Ravenholt succeeded in a hostile environment primarily because he considered the word “no” to be operative only when he used it. If governments said “no” to family planning assistance, Ravenholt got nongovernmental organizations (NGOs) to implement USAID-supported family planning activities. If the physician-dominated health programs did not make family planning easily available, then community-based and social marketing programs would. If couples said “no” to existing contraceptives, new methods would be developed. Circumventing naysayers was a crusade that all staff were expected to join. If you went to a country that forbade contraceptives, you were to carry two suitcases — one for clothes, the other for contraceptives. Such a tactic led to awkward situations, like explaining to a disbelieving, but amused, custom official that the suitcase of condoms were for one’s personal use.

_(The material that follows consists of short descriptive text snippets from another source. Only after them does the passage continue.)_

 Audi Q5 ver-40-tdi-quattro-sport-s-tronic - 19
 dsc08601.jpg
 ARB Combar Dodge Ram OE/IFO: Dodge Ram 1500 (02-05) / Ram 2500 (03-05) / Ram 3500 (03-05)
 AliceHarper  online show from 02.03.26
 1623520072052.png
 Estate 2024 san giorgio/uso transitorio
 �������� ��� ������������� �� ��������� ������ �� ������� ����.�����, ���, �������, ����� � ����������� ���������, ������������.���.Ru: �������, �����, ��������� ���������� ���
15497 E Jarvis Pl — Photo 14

Examples of Ravenholt’s legacies abound. In response to governmental indifference to AIDS, donors turned to NGOs — typically family planning NGOs whose antecedents can be traced to Ravenholt’s initiatives — to combat the spread of the disease. The World Fertility Survey, which Ravenholt established despite much resistance, has evolved into the Demographic and Health Survey, perhaps the most valuable source for health data on the developing world.

Why was Ravenholt relieved of his job after so many accomplishments? Besides ignoring his superiors’ direct orders, Ravenholt simply wore out his welcome at USAID. Although much was being accomplished, Ravenholt was impatient with the pace of change and became driven by a self-imposed urgency to solve the population problem. But his notion of a population problem (too many people), whose solution was greater availability of voluntary family planning, was being dismissed. Yet Ravenholt was unswerving in the certainty of his approach. He had to go.

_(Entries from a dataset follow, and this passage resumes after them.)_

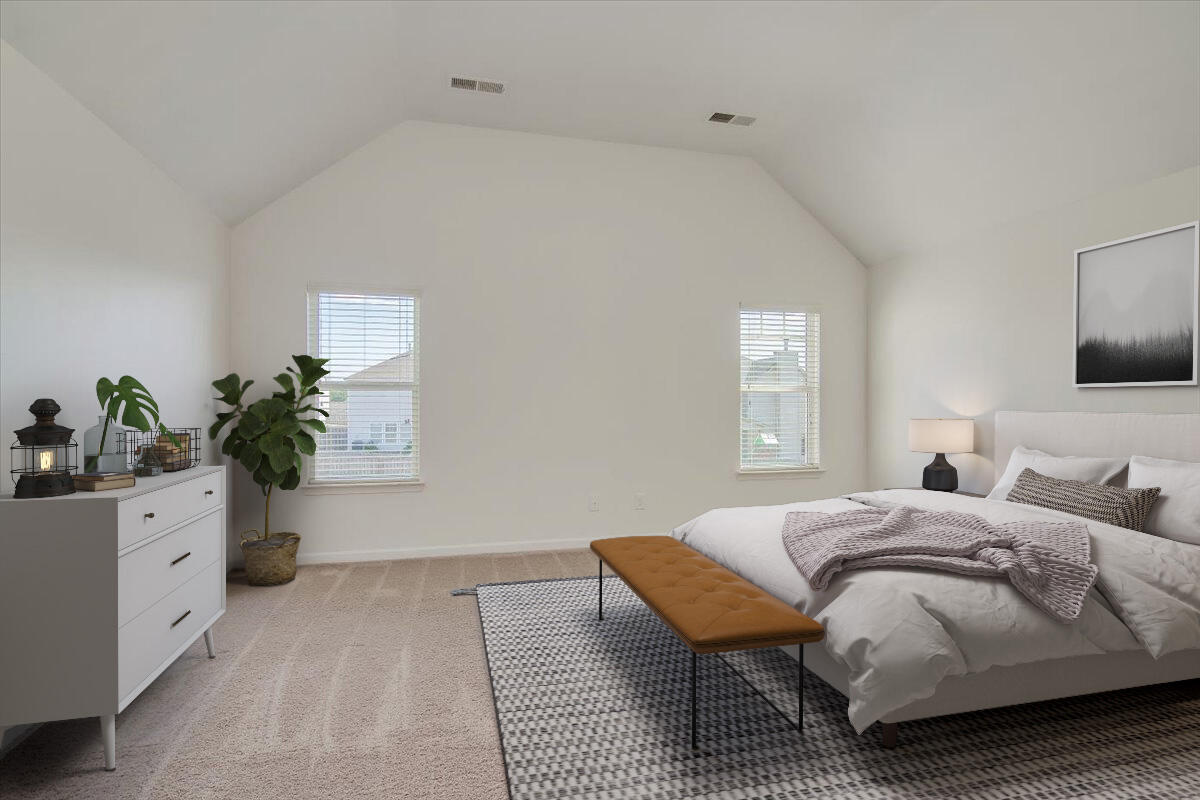 4805 Coal Creek Drive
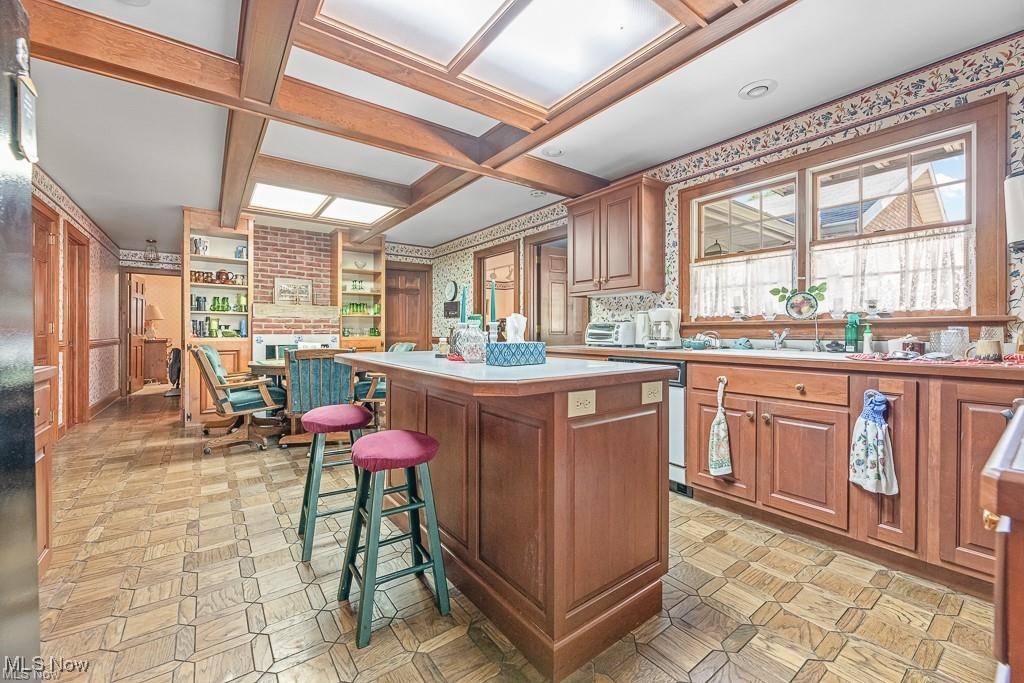 North Canton C - Residential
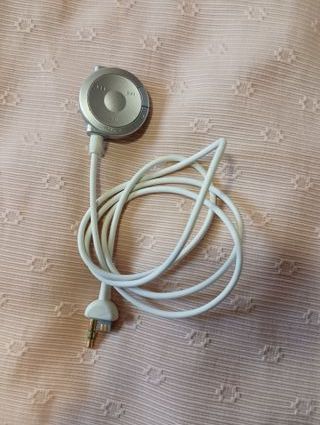 Controlador remoto Sony PSP-120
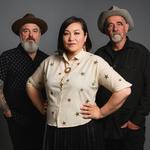 Diyet & The Love Soldiers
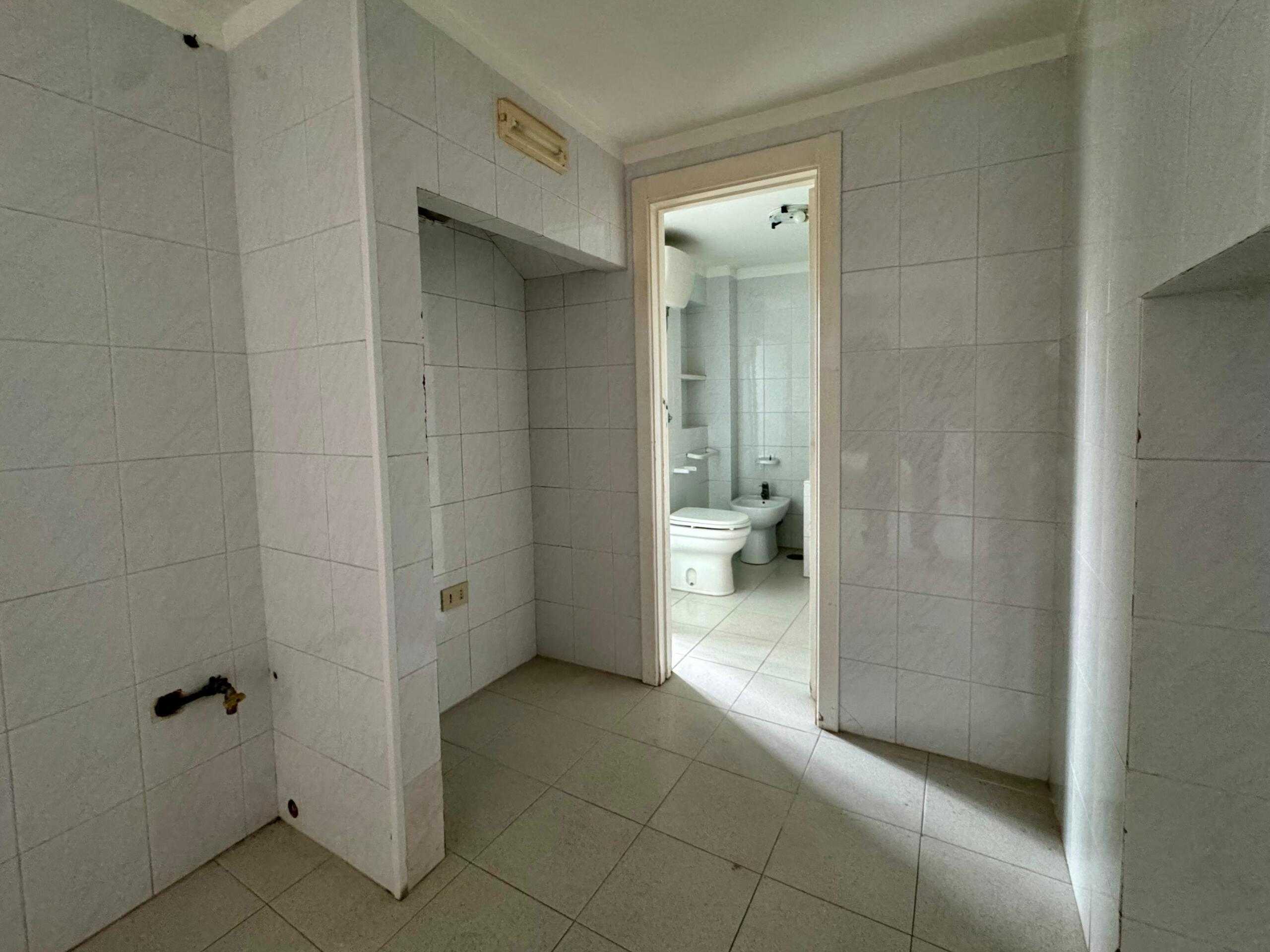  - foto 33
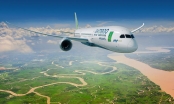 Bamboo Airways mở bán combo trọn gói bay & nghỉ dưỡng từ 3.499.000 đồng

Ravenholt began a program that has devoted $8 billion to population and reproductive health. In 1965 the world’s fertility rate was 4.9 children per woman. Today it is 2.9. While today’s program differs from his, especially in its emphasis on reproductive health, its programmatic underpinnings remain Ravenholt’s. Few people have had a more positive impact on the developing world than Reimert Ravenholt.


Duff G. Gillespie is deputy assistant administrator for Population, Health and Nutrition in the Global Bureau of USAID.


Note: The views expressed here do not necessarily represent those of the U.S. Agency for International Development.